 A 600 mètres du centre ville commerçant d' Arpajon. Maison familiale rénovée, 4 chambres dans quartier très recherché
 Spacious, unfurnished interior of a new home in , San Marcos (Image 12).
-------
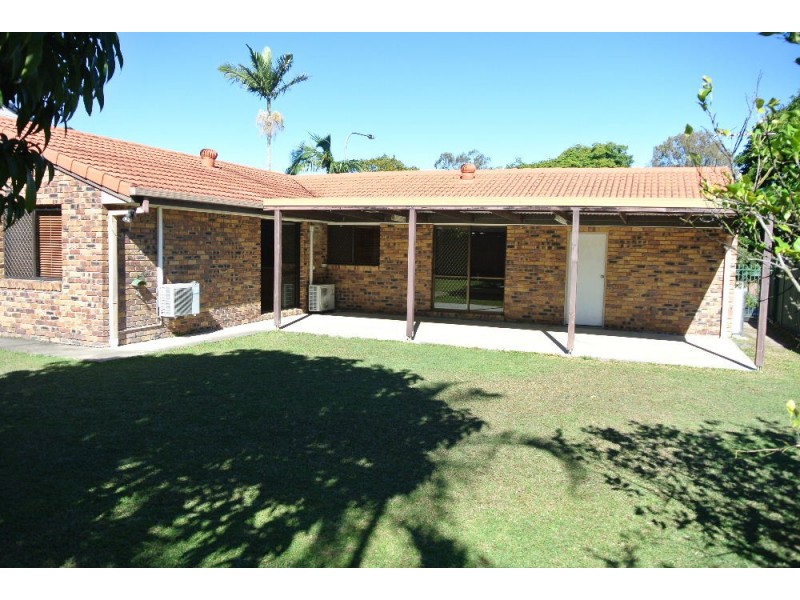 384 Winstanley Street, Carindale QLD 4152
-------
Starting at the line that has "A 600 mètres" and ending at the line that has "Spacious, unfurnished interior", please write out the lines above exactly, leaving out all others.

 A 600 mètres du centre ville commerçant d' Arpajon. Maison familiale rénovée, 4 chambres dans quartier très recherché
 Spacious, unfurnished interior of a new home in , San Marcos (Image 12).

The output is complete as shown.